В Ставке: Могилев. Вторник, 7 марта 1917г.
Дмитрий Николаевич Дубенский. Как произошел переворот в России
Солдатская масса Ставки, спокойная в первые часы революции и совершенно не ожидавшая нагрянувших событий, стала понемногу волноваться. Приехали агитаторы, появились газеты, радостно сообщавшие о «бескровных днях» переворота, наконец, ясный переход генерала Алексеева на сторону Временного правительства — все это сделало то, что и войска царской Ставки начали организовывать митинги и собрания, тем более что еврейский Могилев, конечно, стал идти полным ходом к «свободе».
Утром стало известно, что на базаре соберутся войска Ставки и будет какой-то митинг. Генерал Алексеев, желая сдержать солдат, приказал, чтобы свои части сопровождали офицеры. На этом митинге должны были быть и роты собственного Его Величества железнодорожного полка. Я сидел в комнате моего соседа барона Штакельберга, и туда смущенный и рас терянный пришел командир этого полка генерал Цабель. Ему не хотелось быть на этом солдатском митинге. Он не знал, как отнесутся к нему солдаты, до сих пор ведшие себя очень хорошо и вполне дисциплинированно. Полк этот был в блестящем до переворота состоянии в руках умного, толкового командира и с прекрасным составом офицеров. К тому же генерал Цабель не знал, надо ли быть в погонах с вензелями Государя или их надо снять, как этого хотел генерал Алексеев.
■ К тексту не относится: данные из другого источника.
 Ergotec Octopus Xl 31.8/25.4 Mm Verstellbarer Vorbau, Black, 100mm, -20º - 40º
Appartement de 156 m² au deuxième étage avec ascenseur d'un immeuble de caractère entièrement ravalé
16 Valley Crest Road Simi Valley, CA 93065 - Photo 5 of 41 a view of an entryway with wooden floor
«Не знаю как и быть, — говорил Сергей Александрович Цабель, — пожалуй, уже все солдаты сняли вензеля и выйдет скандал, если придем с «Н» на погонах. Надо снять. — И он стал снимать вензеля с пальто, но дело не ладилось, и генерал обратился к стоявшему здесь же старому преображенцу, курьеру Михайлову: — Михайлов, помоги мне, сними с погон вензеля».
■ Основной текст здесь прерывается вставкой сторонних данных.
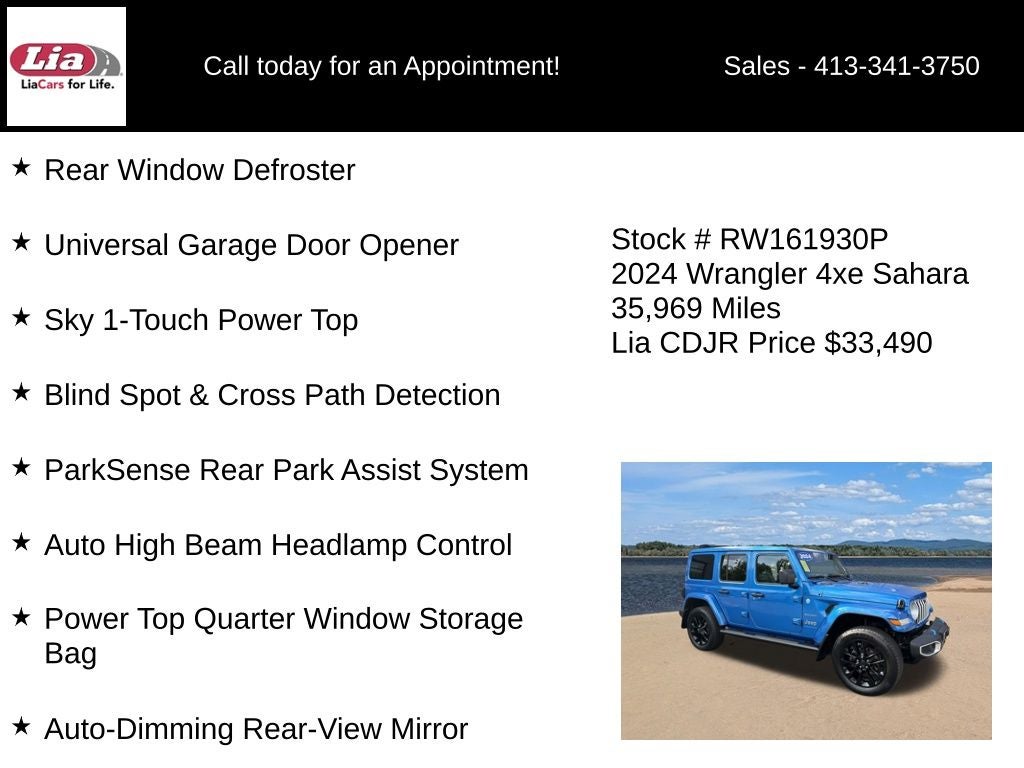 2024 Jeep Wrangler Sahara 4xe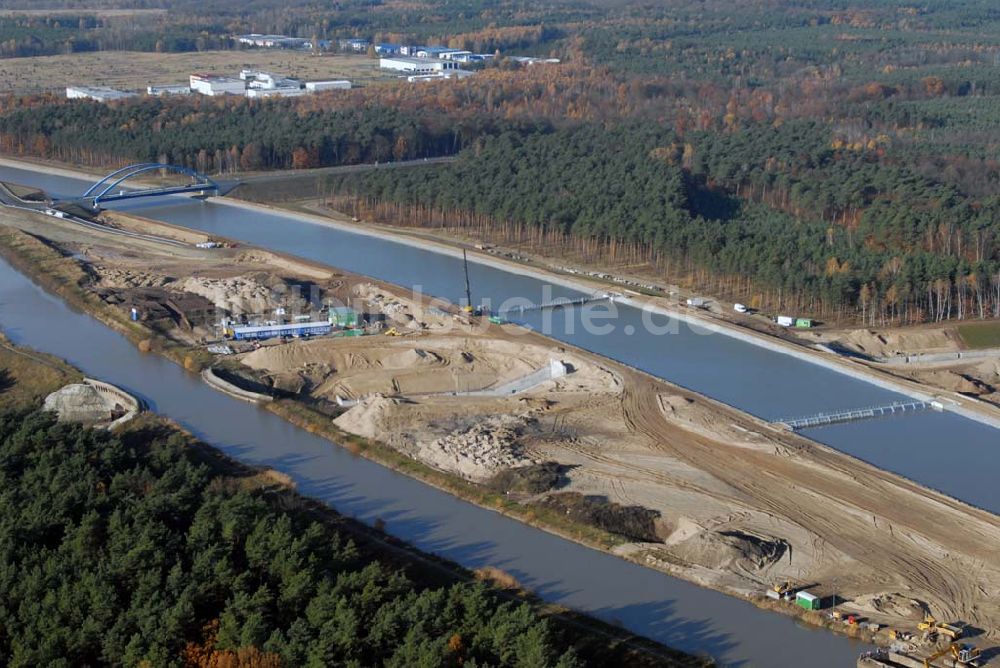 Luftbild Eberswalde - Verlegung des Oder-Havel-Kanals nördlich von Eberswalde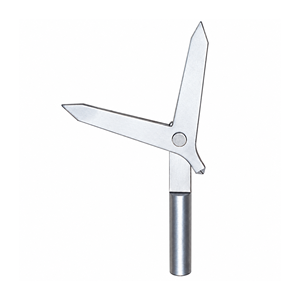 Outil de localisation de centre pour barres rondes, tige de 3/8 pouce, pour perceuse à colonne, fraiseuse, tour, et pour la détermination du centre d'axe et de tube - Product Image 1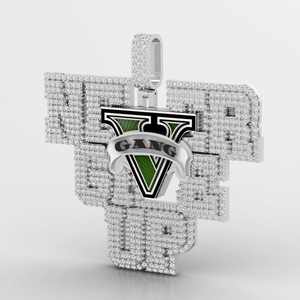 Colgante de Letra Personalizado para Hombre, Plata 925, Moissanita, Diamantes VVS, Estilo Hip Hop, para Fiesta - Product Image 2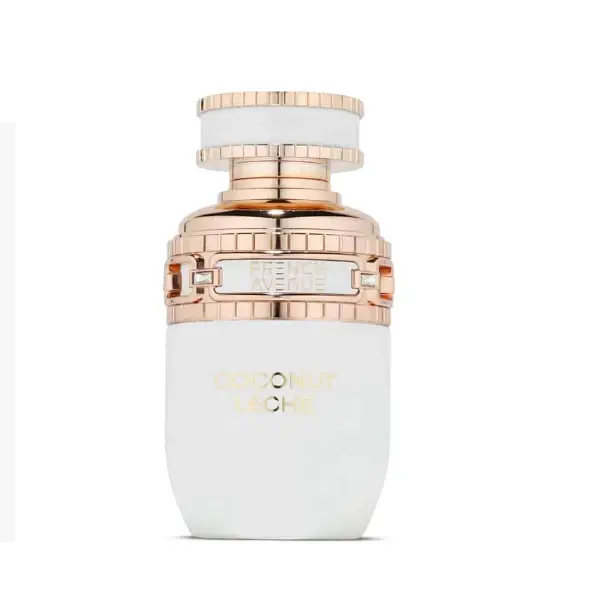 Fragrance World Unisex Coconut Leche U EDP (3.4oz) - Floral Blend Fragrance, Creamy Milky Tropical Sweetness, Cozy Vanilla Bourbon, Luxurious Softness, Everyday Wear, Tropical And Comforting, Liquid, 3.4 Fl Oz, Bottle, Creamy Finish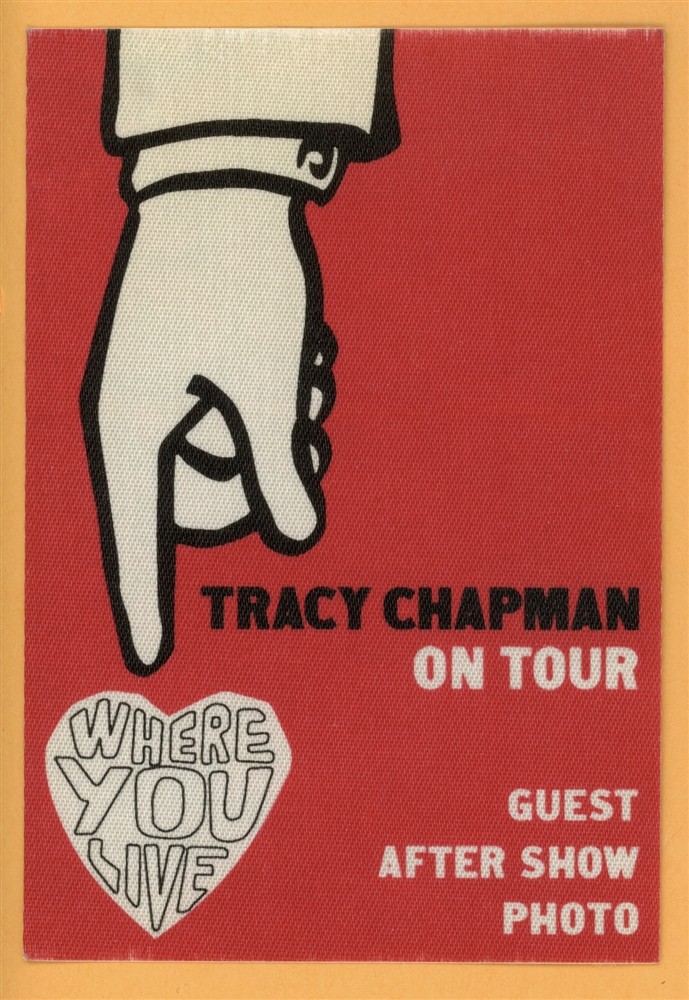 Tracy Chapman 2005 Where You Live Concert Tour Backstage Pass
«Никак нет, не могу, увольте. Никогда это делать не согласен, не дай Бог и смотреть». — И он, потупившись, отошел.
Вышло очень неловко, и сцена эта произвела на всех крайне тягостное впечатление.
Генерал Цабель замолчал, нахмурился и стал сам ковырять что-то на погонах.
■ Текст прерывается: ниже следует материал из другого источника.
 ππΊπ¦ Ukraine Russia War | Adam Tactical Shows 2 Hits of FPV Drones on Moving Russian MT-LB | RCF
Но совершенно неожиданное вышло на самом митинге. Оказалось, все солдаты собственного Его Величества полка были в вензелях, кроме явившихся без вензелей командира полка генерала Цабеля и его адъютанта, поручика барона Нольде.
На улицах города стало более людно. Появились кучки народа и что-то оживленно толковали между собой. Невольно бросился в глаза курьезный случай. Против дворца и садика обычно стоял городовой, которого мы все отлично знали. Это был уже пожилой, симпатичный солдат. И вот мы видим того же самого городового, но без формы, а в каком-то полушубке. На наш вопрос, почему он без формы, он отвечал:
«Запретили, теперь, говорят, ты милиционер и формы у тебя быть не может».
Во всех учреждениях Ставки дела сразу остановились, все суетились, чего-то ждали. Говорили, что приедет военный министр Гучков, а пока появились новые лица из Петрограда во главе с молодым полковником Генерального штаба князем Тумановым, который, не обинуясь, заявлял, что Советы рабочих и солдатских депутатов и солдатские комитеты необходимы и что они-то и укрепят новый строй и внесут основы новой дисциплины. Помню, как этому бойкому черноволосому маленькому армянскому человеку ответили: «Запомните, полковник, начало марта 1917 года — это те дни, когда уничтожена была Русская армия».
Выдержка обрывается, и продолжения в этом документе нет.